Risa’s gaze fell to Mustache’s round stomach. Several old wounds marked his skin. Nothing suggested that, just yesterday, a supposed-dead princess had tried her hand at gutting him.

El Gib also glanced down in observation. “Huh.”

If her curse somehow made mercenaries heal faster, she was going to lodge a very wordy objection against the universe.

El Gib shook his head. “Who cares!” he shouted. He pulled out a machete from behind his back. “Grab ’em.”

Javi scoffed, “Are we not going to question the physics? You can’t hide a hacking instrument in your back pocket!”

Risa remembered what Paulo had said. That El Gib might have had half a brain, but Bella had a full one.

“He’ll double the bounty,” Risa told the pretty woman who had almost captured the prince the day before. “If you let us go.”

The woman’s eyes widened with interest. Carlos looked between Bella and his leader, caught between loyalty and greed.

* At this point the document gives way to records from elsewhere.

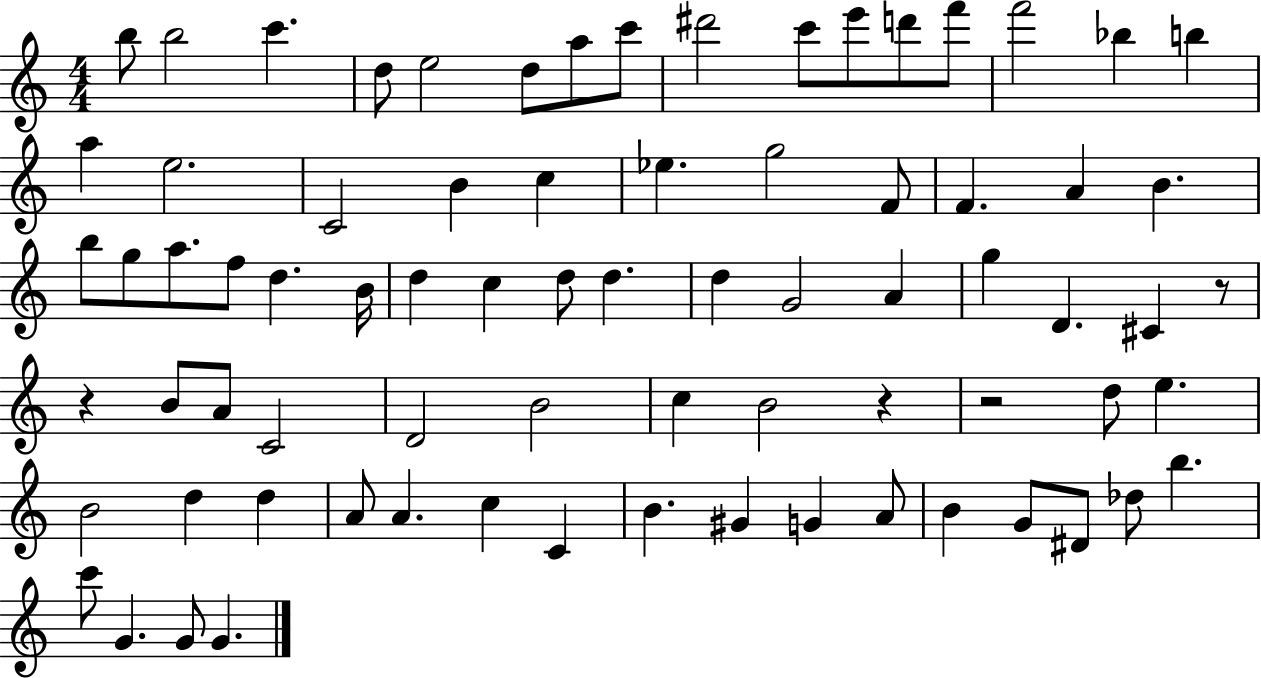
{
  \clef treble
  \numericTimeSignature
  \time 4/4
  \key c \major
  b''8 b''2 c'''4. | d''8 e''2 d''8 a''8 c'''8 | dis'''2 c'''8 e'''8 d'''8 f'''8 | f'''2 bes''4 b''4 | \break a''4 e''2. | c'2 b'4 c''4 | ees''4. g''2 f'8 | f'4. a'4 b'4. | \break b''8 g''8 a''8. f''8 d''4. b'16 | d''4 c''4 d''8 d''4. | d''4 g'2 a'4 | g''4 d'4. cis'4 r8 | \break r4 b'8 a'8 c'2 | d'2 b'2 | c''4 b'2 r4 | r2 d''8 e''4. | \break b'2 d''4 d''4 | a'8 a'4. c''4 c'4 | b'4. gis'4 g'4 a'8 | b'4 g'8 dis'8 des''8 b''4. | \break c'''8 g'4. g'8 g'4. | \bar "|."
}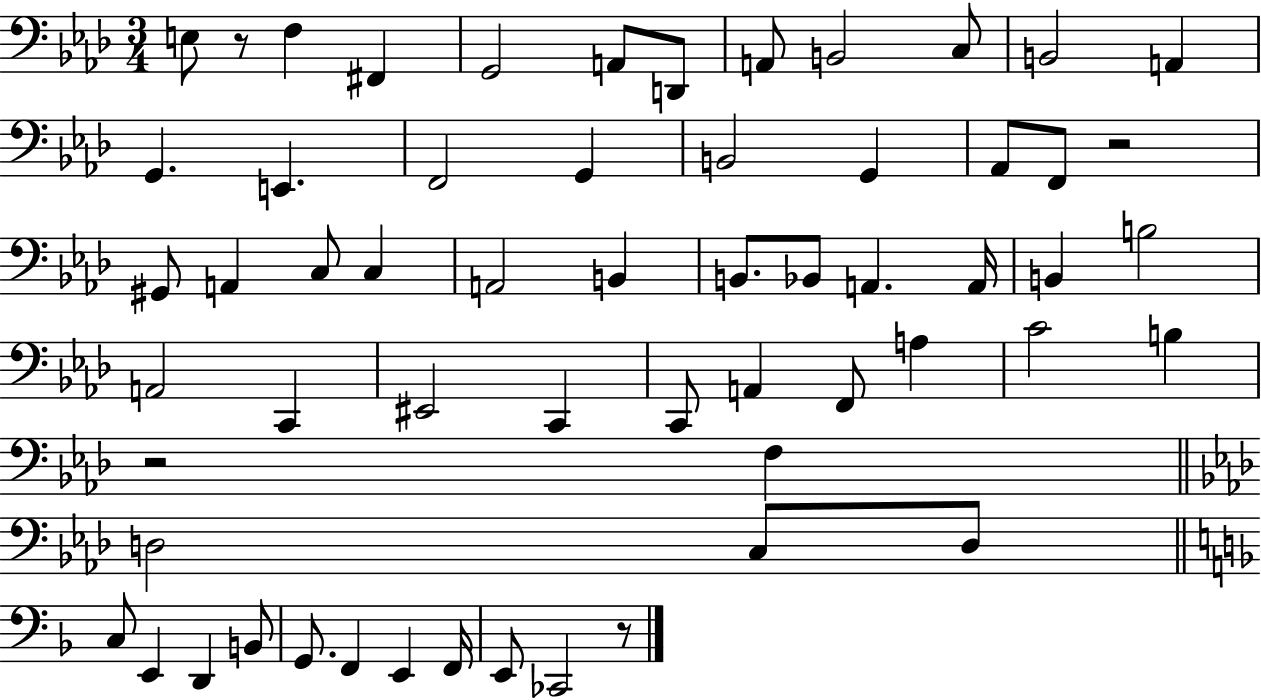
E3/e R/e F3/q F#2/q G2/h A2/e D2/e A2/e B2/h C3/e B2/h A2/q G2/q. E2/q. F2/h G2/q B2/h G2/q Ab2/e F2/e R/h G#2/e A2/q C3/e C3/q A2/h B2/q B2/e. Bb2/e A2/q. A2/s B2/q B3/h A2/h C2/q EIS2/h C2/q C2/e A2/q F2/e A3/q C4/h B3/q R/h F3/q D3/h C3/e D3/e C3/e E2/q D2/q B2/e G2/e. F2/q E2/q F2/s E2/e CES2/h R/e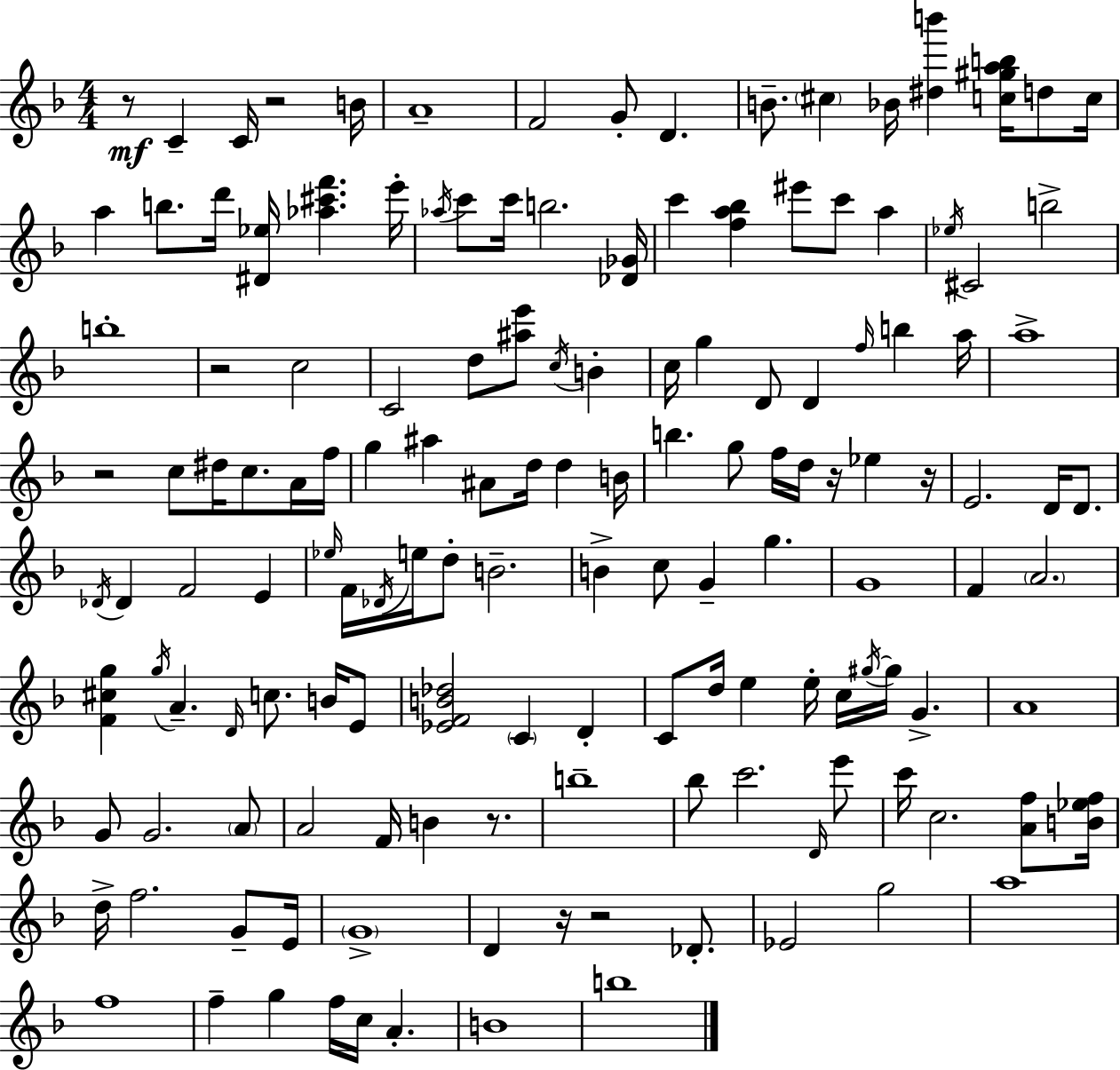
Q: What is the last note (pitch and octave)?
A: B5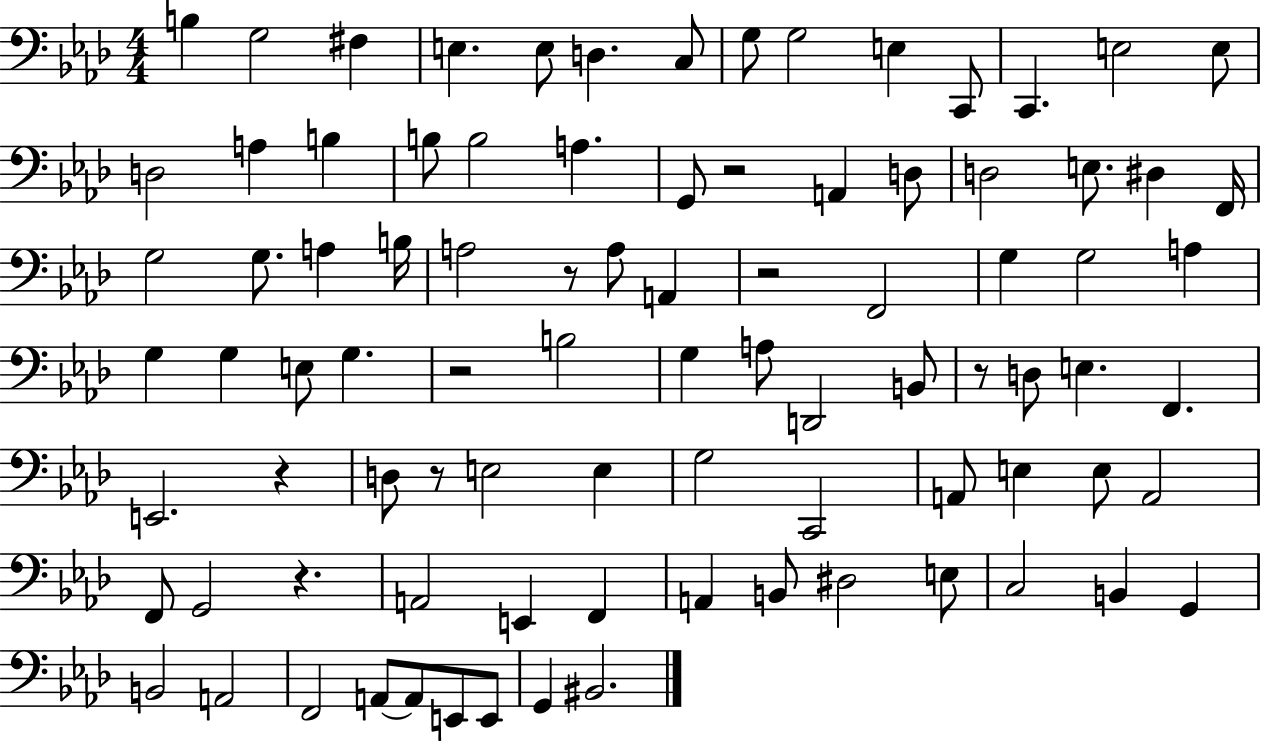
X:1
T:Untitled
M:4/4
L:1/4
K:Ab
B, G,2 ^F, E, E,/2 D, C,/2 G,/2 G,2 E, C,,/2 C,, E,2 E,/2 D,2 A, B, B,/2 B,2 A, G,,/2 z2 A,, D,/2 D,2 E,/2 ^D, F,,/4 G,2 G,/2 A, B,/4 A,2 z/2 A,/2 A,, z2 F,,2 G, G,2 A, G, G, E,/2 G, z2 B,2 G, A,/2 D,,2 B,,/2 z/2 D,/2 E, F,, E,,2 z D,/2 z/2 E,2 E, G,2 C,,2 A,,/2 E, E,/2 A,,2 F,,/2 G,,2 z A,,2 E,, F,, A,, B,,/2 ^D,2 E,/2 C,2 B,, G,, B,,2 A,,2 F,,2 A,,/2 A,,/2 E,,/2 E,,/2 G,, ^B,,2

Javi sputtered, “I don’t just carry around twenty-four thousand reales—”

Risa ignored him. “Twenty-four, and we’ll add some jewelry,” she told Bella, who nodded along with the words, already calculating how to split the money among the group.

El Gib pointed his machete at Risa. The blade looked deadly sharp. She had no desire to test that.

“That’s not the deal, Bells. We kill the prince. And her, too, for good measure.”

Bella whipped the coiled tendrils of her black hair over a shoulder. Her brown doe eyes narrowed on El Gib.

“There’s a better deal on the table, Eto. We should take it.”

“This isn’t the time for a coup,” he snapped, then pointed his weapon at Carlos. “Carlos, get him.”

Before Carlos could move, Risa was pointing an accusing finger at El Gib’s mustache.

“Aren’t you all suspicious about why he’s so determined to kill this idiot when there’s more money to make keeping him alive?” Risa was desperate, scrounging for any bit that would derail this clear setup her curse had orchestrated.

Bella regarded Risa for a long moment. Whatever she divined from staring made her angry. “Eto’s got a side deal!”

Risa felt as if the world were closing in on them, not unlike the tunnel walls back in the Underground Pass.

Starting a fight seemed ill-advised when they were being pressed in on all sides by Sanguines and innocent—if aloof—bystanders alike.

Especially when the Sanguines wouldn’t hesitate to hurt and kill whoever was in the way.

The aircab was taking its sweet time docking, and there was nowhere to run or hide among the flat, desolate land that surrounded the platform for several miles.

Risa needed to find a way to save them. At least until the aircab settled at the platform.

“He does!” Risa confirmed, though she didn’t really know.

“Fine, I’ll just kill the boy myself!” El Gib shouted. He lunged for her but was knocked aside by a wayward elbow from a random patron.

Bella shoved Risa into Javi’s chest and held up her own weapon, two half-circle blades, one in each hand.

Mayhem exploded. El Gib swung his machete at Bella, but that didn’t seem to please one of his fellow Sanguines, who ran beneath his raised arm and rammed their head into his stomach.

Carlos started for his friend, but was stopped by one of the new recruits, who had some “complaints to file” and needed to speak to him immediately.

The others jumped into the fray, new and old fighting while El Gib and Bella stared each other down.